### Working data
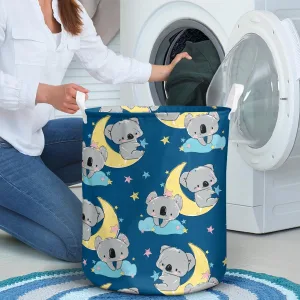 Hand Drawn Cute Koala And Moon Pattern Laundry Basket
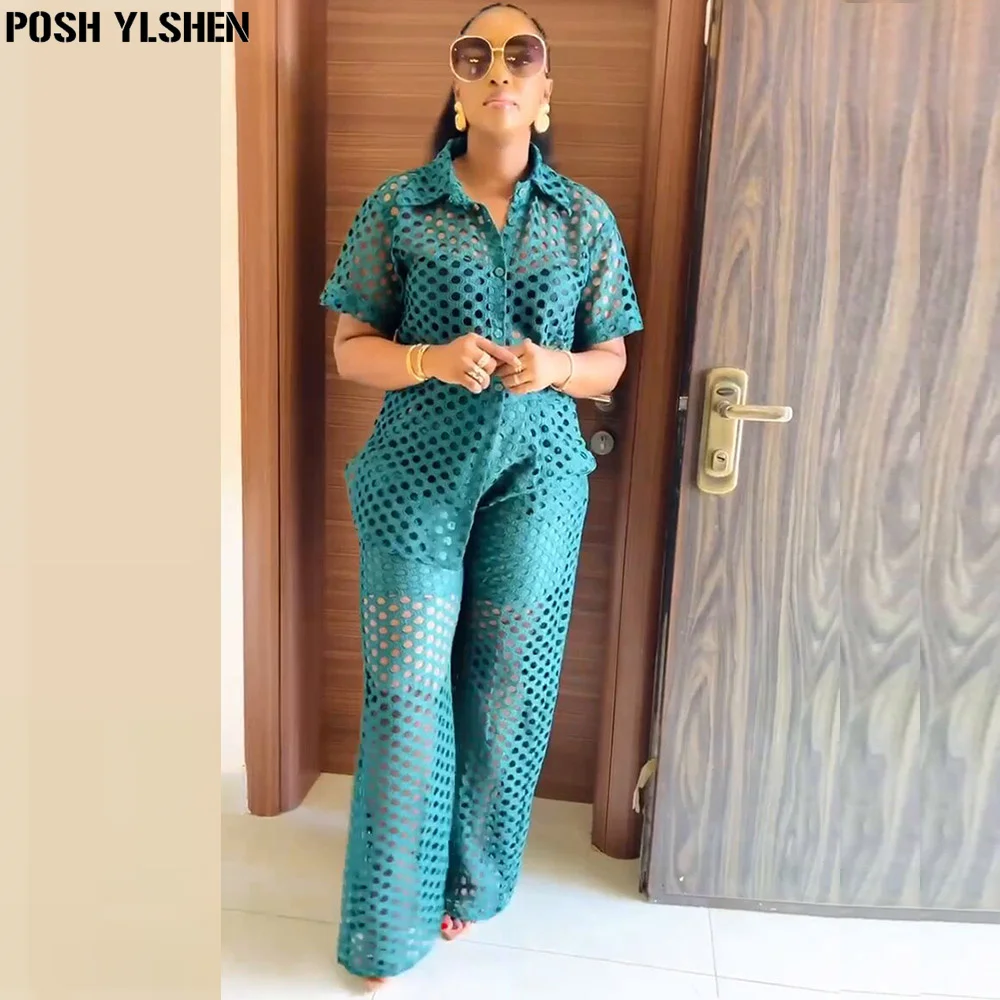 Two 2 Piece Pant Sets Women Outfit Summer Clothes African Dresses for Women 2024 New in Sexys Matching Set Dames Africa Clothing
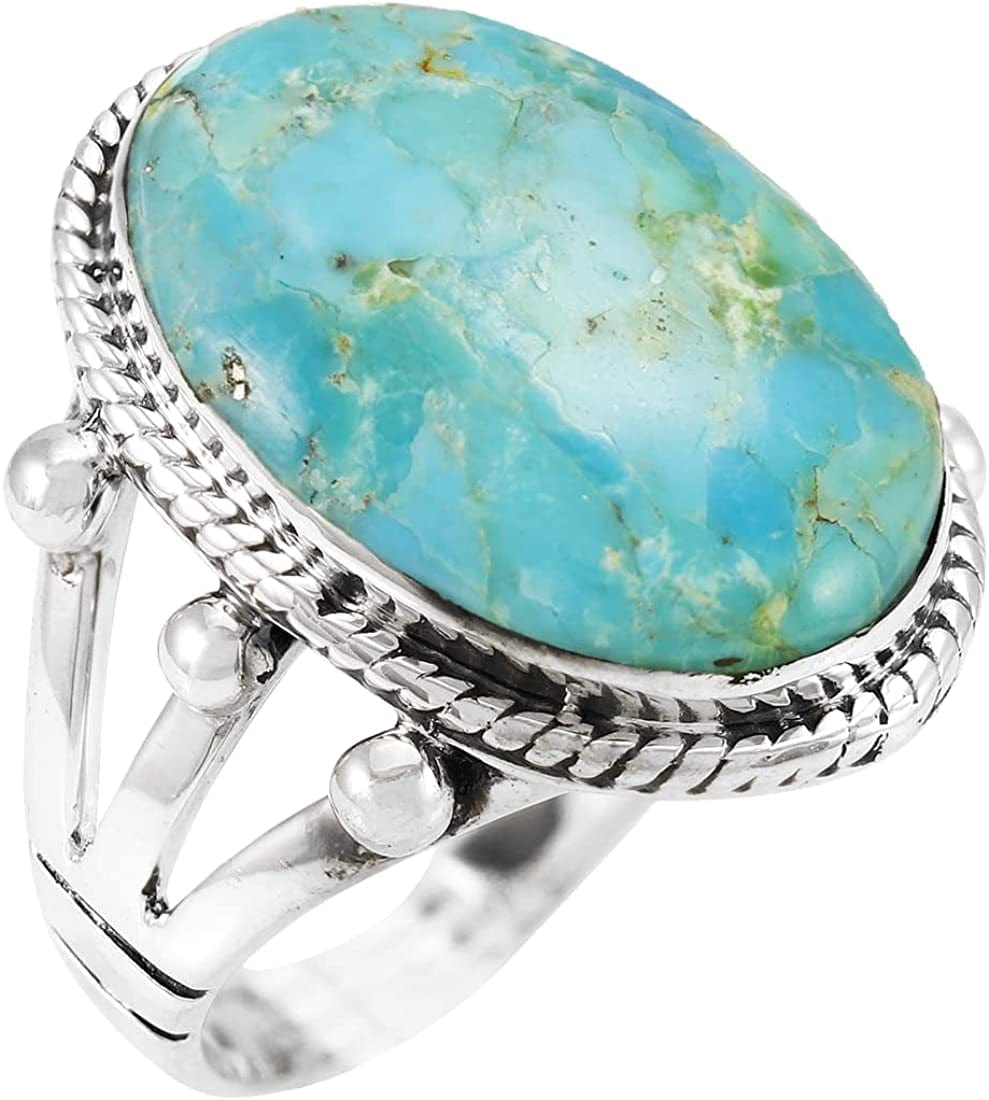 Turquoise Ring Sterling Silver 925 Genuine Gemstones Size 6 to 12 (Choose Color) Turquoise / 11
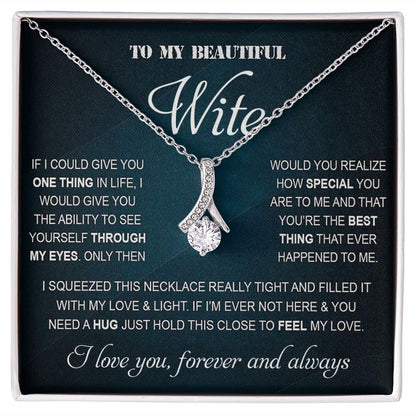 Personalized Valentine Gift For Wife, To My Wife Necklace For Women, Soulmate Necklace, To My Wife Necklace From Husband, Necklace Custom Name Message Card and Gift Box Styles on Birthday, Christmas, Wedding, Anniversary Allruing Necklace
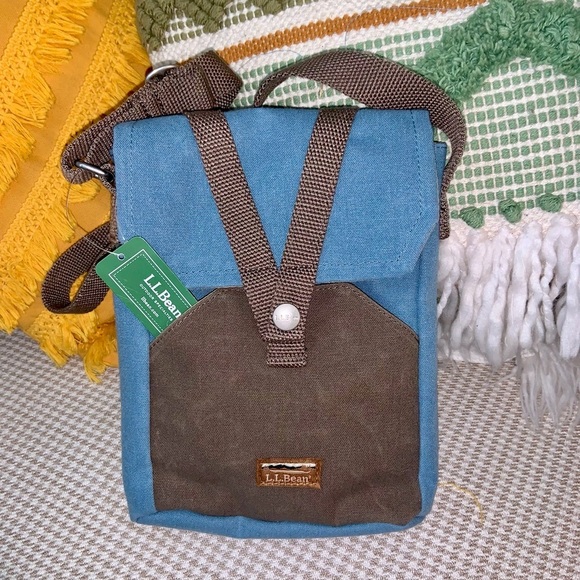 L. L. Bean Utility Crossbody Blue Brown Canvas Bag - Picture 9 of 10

--

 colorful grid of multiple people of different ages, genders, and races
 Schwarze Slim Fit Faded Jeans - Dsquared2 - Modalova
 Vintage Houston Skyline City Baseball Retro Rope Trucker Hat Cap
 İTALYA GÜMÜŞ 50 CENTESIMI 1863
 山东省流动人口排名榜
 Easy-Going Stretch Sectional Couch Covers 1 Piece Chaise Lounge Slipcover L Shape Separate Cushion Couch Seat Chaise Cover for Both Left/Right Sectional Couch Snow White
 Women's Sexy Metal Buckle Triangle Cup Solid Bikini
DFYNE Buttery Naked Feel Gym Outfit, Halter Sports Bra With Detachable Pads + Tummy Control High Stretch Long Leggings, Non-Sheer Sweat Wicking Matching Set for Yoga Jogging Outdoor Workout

### What is being asked
In the entries above, find the line with "Two 2 Piece" and the line with "L. L. Bean Utility". Return exactly those lines and all the ones between them, pictures excluded.

### Exercise response
 Two 2 Piece Pant Sets Women Outfit Summer Clothes African Dresses for Women 2024 New in Sexys Matching Set Dames Africa Clothing
 Turquoise Ring Sterling Silver 925 Genuine Gemstones Size 6 to 12 (Choose Color) Turquoise / 11
 Personalized Valentine Gift For Wife, To My Wife Necklace For Women, Soulmate Necklace, To My Wife Necklace From Husband, Necklace Custom Name Message Card and Gift Box Styles on Birthday, Christmas, Wedding, Anniversary Allruing Necklace
 L. L. Bean Utility Crossbody Blue Brown Canvas Bag - Picture 9 of 10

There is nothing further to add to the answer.